Dr Thierry Lardenois :  Non c'est à l'État de prendre des décisions. Mais, je pense que les médecins doivent partir à la retraite quand ils veulent à partir de 62 ans. Je suis pour ouvrir un espace de libertés, je suis contre ces plafonds que l'on n’arrive jamais à atteindre, je suis pour les planchers solides au-dessous des pieds.

Le cumul emploi-retraite a été considérablement assoupli qu'en pensez-vous ?
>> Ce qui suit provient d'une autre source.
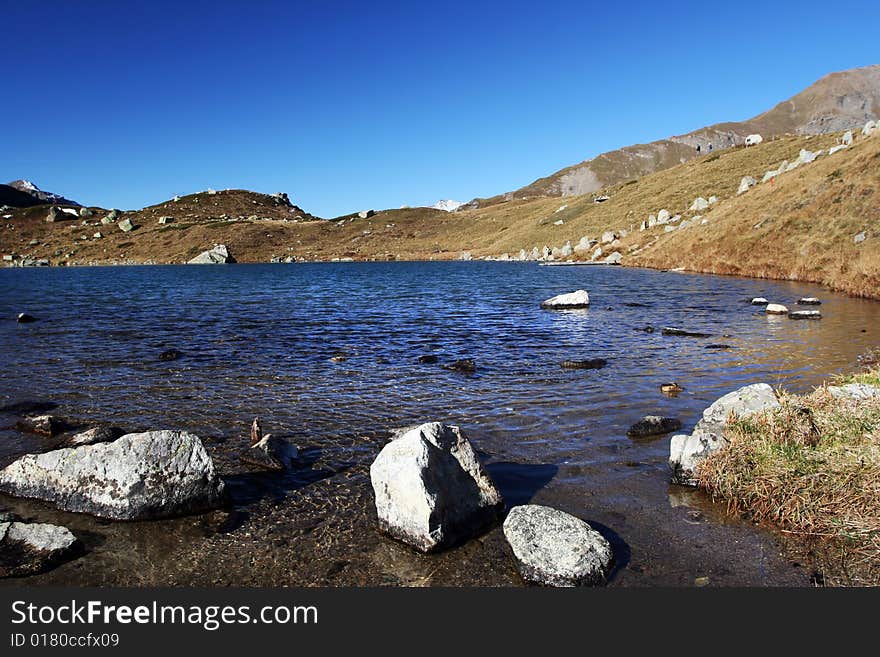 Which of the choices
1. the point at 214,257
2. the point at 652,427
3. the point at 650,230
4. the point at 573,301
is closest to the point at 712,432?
the point at 652,427

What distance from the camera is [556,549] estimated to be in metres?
6.82

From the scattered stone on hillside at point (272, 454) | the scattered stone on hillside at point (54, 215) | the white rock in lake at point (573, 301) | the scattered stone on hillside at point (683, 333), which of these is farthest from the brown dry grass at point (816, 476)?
the scattered stone on hillside at point (54, 215)

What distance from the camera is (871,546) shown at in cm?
667

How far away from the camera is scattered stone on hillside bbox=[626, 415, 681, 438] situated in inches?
460

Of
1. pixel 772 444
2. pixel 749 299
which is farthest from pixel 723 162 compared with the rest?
pixel 772 444

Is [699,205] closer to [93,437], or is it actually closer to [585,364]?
[585,364]

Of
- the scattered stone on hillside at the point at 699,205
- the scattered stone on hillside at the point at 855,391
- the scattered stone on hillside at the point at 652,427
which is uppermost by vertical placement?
the scattered stone on hillside at the point at 699,205

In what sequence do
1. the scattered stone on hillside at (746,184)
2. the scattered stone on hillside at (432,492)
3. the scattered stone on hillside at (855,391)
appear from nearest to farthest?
the scattered stone on hillside at (432,492) < the scattered stone on hillside at (855,391) < the scattered stone on hillside at (746,184)

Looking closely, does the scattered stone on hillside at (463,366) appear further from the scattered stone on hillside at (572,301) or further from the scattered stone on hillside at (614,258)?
the scattered stone on hillside at (614,258)

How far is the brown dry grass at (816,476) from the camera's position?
6.81 m

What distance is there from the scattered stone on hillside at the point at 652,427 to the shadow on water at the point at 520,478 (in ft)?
8.70

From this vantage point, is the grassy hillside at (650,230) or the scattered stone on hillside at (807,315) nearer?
the scattered stone on hillside at (807,315)

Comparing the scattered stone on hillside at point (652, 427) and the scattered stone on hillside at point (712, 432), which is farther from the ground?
the scattered stone on hillside at point (712, 432)

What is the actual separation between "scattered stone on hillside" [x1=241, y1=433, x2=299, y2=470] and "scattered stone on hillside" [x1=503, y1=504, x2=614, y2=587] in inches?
195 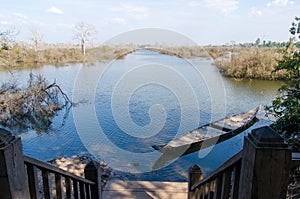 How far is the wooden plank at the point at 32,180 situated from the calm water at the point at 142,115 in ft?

Dr Thierry Lardenois : Le cumul emploi-retraite est actuellement en vogue dans la société et je trouve ça très bien. Les collègues veulent faire du cumul emploi retraite et c'est tout à fait positif ! Les confrères nous disent qu'il n'est pas juste qu'ils cotisent sans pour autant bénéficier de droits, ils ont raison. Mais c'est une mesure qui est effective depuis 2008, l'ensemble des Français qui ont liquidé leur droit paient des droits quand ils décident de faire du cumul emploi retraite. L'État en a décidé ainsi, ce n'est pas moi. Mais si demain on supprime les cotisations des cumul emploi retraite pour les médecins, il va falloir trouver des crédits pour compenser ces sommes perdues pour la Carmf. D'après les estimations qui sont en notre possession, si cette mesure est prise, cela équivaudrait à une baisse de 8% du point.

 
Les collègues veulent faire du cumul emploi retraite et c'est tout à fait positif !
 

C'est important comme baisse...

Dr Thierry Lardenois : Oui, en effet, ce serait une baisse importante, mais une caisse de retraite n'a pas le droit d'être en déficit, il faut donc que les entrées équilibrent les sorties. Au jour d'aujourd'hui nous avons des entrées probablement injustes, car une cotisation sans droit, c'est un impôt, mais néanmoins ces cotisations ne sont pas jetées à la poubelle, elles sont remises dans un pot commun, donc elles abondent et soutiennent la valeur du point. Si l'on supprime ces cotisations, le point ne sera plus soutenu de la même façon et il faudra donc trouver d'autres entrées. Je milite pour ma part pour que ce soit l'État qui prenne en charge ce problème, soit en abondant directement, et en finançant le coût de cette exonération par une somme qui nous serait reversée à due concurrence, soit en laissant les confrères en cumul emploi retraite continuer de payer leur cotisation, mais en leur accordant une exonération fiscale. Nous considérons que la profession ne doit pas financer un fait qui est de l'ordre de l'intérêt public.

Vous en avez parlé au ministère de la santé ?

Dr Thierry Lardenois : Oui bien sûr, François Braun, ministre de la santé est au courant. Mais, nous n’avons pas réponse.